▶ **Provided data**:
◇ ◇ ◇ ◇ ◇

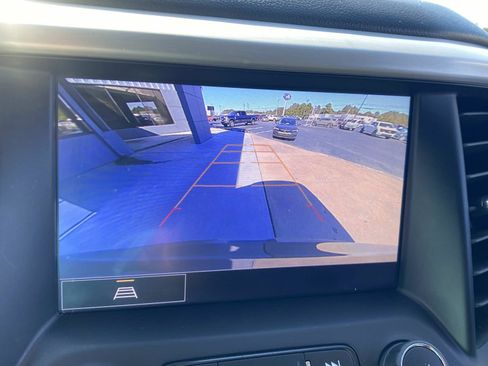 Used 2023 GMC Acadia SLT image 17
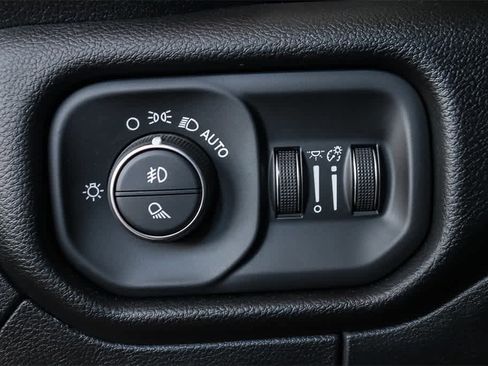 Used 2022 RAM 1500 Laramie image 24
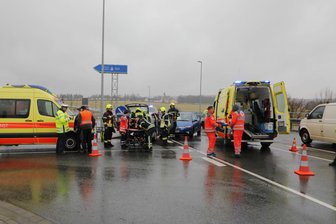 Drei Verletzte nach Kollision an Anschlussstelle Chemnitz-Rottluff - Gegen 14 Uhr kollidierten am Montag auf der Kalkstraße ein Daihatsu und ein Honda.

◇ ◇ ◇ ◇ ◇

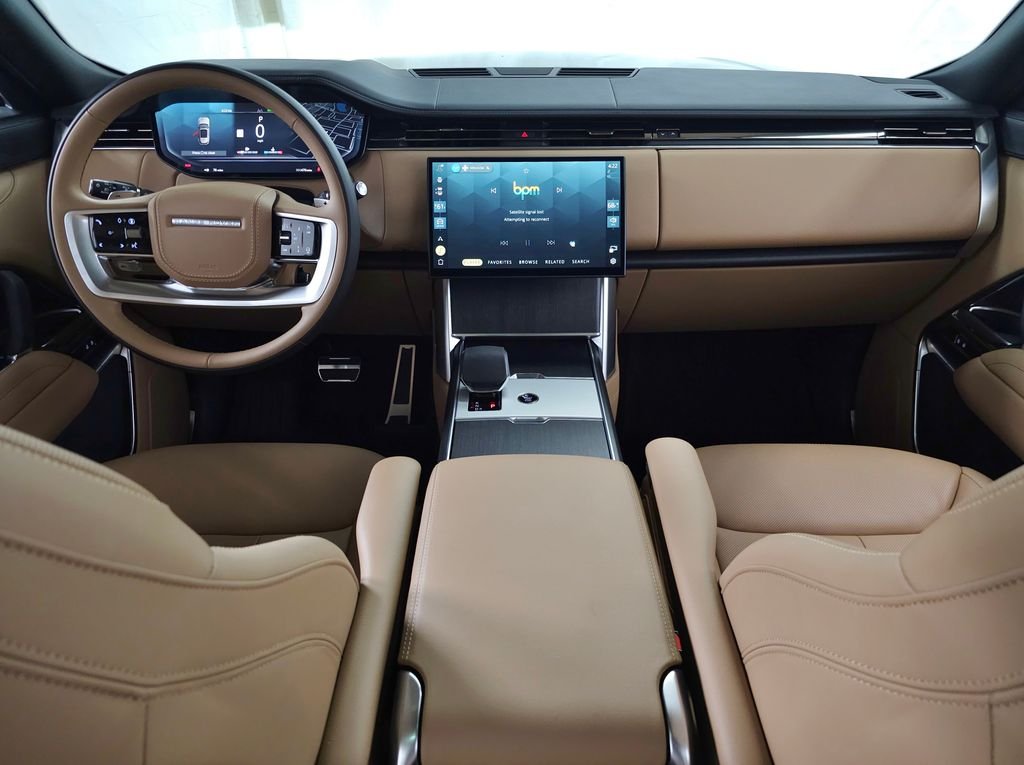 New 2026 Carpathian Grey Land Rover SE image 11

◇ ◇ ◇ ◇ ◇

▶ **To do**: Reproduce the records above exactly, but only from the line with "Used 2022 RAM 1500 Laramie image 24" up to and including the line with "Drei Verletzte nach". Leave the pictures out.

▶ **Solution**:
 Used 2022 RAM 1500 Laramie image 24
 Drei Verletzte nach Kollision an Anschlussstelle Chemnitz-Rottluff - Gegen 14 Uhr kollidierten am Montag auf der Kalkstraße ein Daihatsu und ein Honda.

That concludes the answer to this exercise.